Animal ER follows exotic animals like bighorn sheep, porcupine, falcons, and seals to the more domestic like dogs, cats, and parakeets from the moment their owners rush them into the ER, throughout the diagnosis, surgery, and treatment, up until the moment they go home. With their state of the art surgery suite, complete with 5 operating rooms, Dr. Beale and his team of experts will face critical treatments of all kinds around the clock.
Status: To Be Determined
Runtime: 60 minutes
Animal ER - Aquatic animal - Netflix
A aquatic animal is an animal, either vertebrate or invertebrate, which lives in the water for most or all of its lifetime. Many insects such as mosquitoes, mayflies, dragonflies and caddisflies have aquatic larvae, with winged adults. Aquatic animals may breathe air or extract oxygen that dissolved in water through specialised organs called gills, or directly through the skin. Natural environments and the animals that live in them can be categorized as aquatic (water) or terrestrial (land). The term aquatic can be applied to animals that live in either fresh water (fresh water animals) or salt water (marine animals). However, the adjective marine is most commonly used for animals that live in saltwater, i.e. in oceans, seas, etc. Aquatic animals (especially freshwater animals) are often of special concern to conservationists because of the fragility of their environments. Aquatic animals are subject to pressure from overfishing, destructive fishing, marine pollution and climate change.
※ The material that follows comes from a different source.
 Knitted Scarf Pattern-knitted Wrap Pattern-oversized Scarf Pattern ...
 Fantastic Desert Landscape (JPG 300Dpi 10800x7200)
Animal ER - Air breathing aquatic animals - Netflix
In addition to water breathing animals, e.g., fish, mollusks etc., the term “aquatic animal” can be applied to air-breathing aquatic or sea mammals such as those in the orders Cetacea (whales) and Sirenia (sea cows), which cannot survive on land, as well as the pinnipeds (true seals, eared seals, and the walrus). The term “aquatic mammal” is also applied to four-footed mammals like the river otter (Lontra canadensis) and beavers (family Castoridae), although these are technically amphibious or semiaquatic. Amphibians, like frogs (the order Anura), while requiring water, are separated into their own environmental classification. The majority of amphibians (class Amphibia) have an aquatic larval stage, like a tadpole, but then live as terrestrial adults, and may return to the water to mate. Certain fish also evolved to breathe air to survive oxygen-deprived water, such as Arapaima (family Osteoglossidae) and walking catfish.